Liverpool West Derby MP Ian Byrne this afternoon led a delegation of Right To Food campaign supporters to Downing Street to deliver a letter – and a
message – to Chancellor Rishi Sunak ahead of Wednesday’s Spring Budget. Eleven million people in the UK now experience food insecurity and this situation will continue to get worse as people face the worst cost-of-living crisis in 30 years. Millions of people now face a choice between whether to
freeze or starve in their homes as the cost of energy, food, essentials and bills all rise dramatically.


The Right To Food campaign believes that Hunger Is A Political Choice and has today delivered a letter to the Chancellor from Right To Food campaign leader Ian Byrne MP, co-signed by a wide range of campaign supporters, which urges Mr Sunak to deliver on five key demands of the Right To Food campaign in Wednesday’s mini budget.

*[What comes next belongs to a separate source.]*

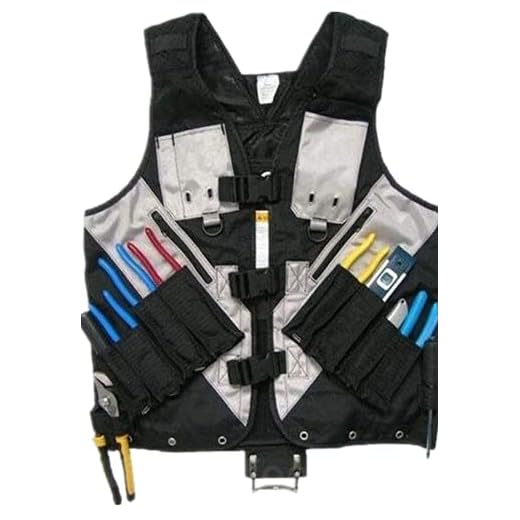 Sweety House General Hardware Tools Vest Electrician Carpenter Plumber Construction Pipe Industrial Hardware Kit Vest Vest (Orange)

Signatories to Ian Byrne MP’s letter to Chancellor Sunak include:
• Liverpool FC
• Liverpool FC Women
• Liverpool FC Foundation
• Everton FC
• Millwall FC
• Millwall FC Community Trust
• Greater Manchester Mayor Andy Burnham
• Liverpool City Region Mayor Steve Rotherham
• Liverpool Mayor Joanne Anderson
• North of Tyne Mayor Jamie Driscoll
• Sharon Graham, General Secretary of Unite the Union
• Gary Smith, General Secretary of GMB
• Ian Hodson, President of The Bakers Food and Allied Workers Union (BFAWU)
• Sarah Woolley, General Secretary of BFAWU
• Dave Ward, General Secretary of the Communication Workers Union
• Dr Mary Bousted and Kevin Courtney, joint General Secretaries of the National Education Union (NEU)
• Cllr Nick Forbes, Leader of Newcastle City Council
• Cllr Chris Read, Leader of Rotherham Metropolitan Borough Council
• Cllr Keith Aspden, Leader of City of York Council
• Cllr Matthew Brown, Leader of Preston City Council
• Cllr Terry Fox, Leader of Sheffield City Council
• Professor Michel Pimbert, Agroecology and Food Politics, Coventry University
• Dr Regina Keith, Food, Nutrition and Public Health, University of Westminster
• Professor Eileen O’Keefe, Emeritus of Public Health, London Metropolitan University
• Professor Ian Sinha, Consultant Respiratory Paediatrician, Alder Hey
Children’s Hospital, Liverpool
• Professor John O’Keefe, Professor of Cognitive Neuroscience, University College London
• Fans Supporting Foodbanks
• Churches Together Merseyside
• 25 Members of Parliament


The letter from Ian Byrne MP on behalf of the Right To Food campaign tells Chancellor Sunak that the Government is responsible for creating an
environment that is pushing millions of families into food poverty. It reads: “The political choices you make over the next few months are the difference between life and death for the most vulnerable in our communities. Hunger is a political choice. Fuel poverty is a political choice. Choices made by your Government. Something must change.”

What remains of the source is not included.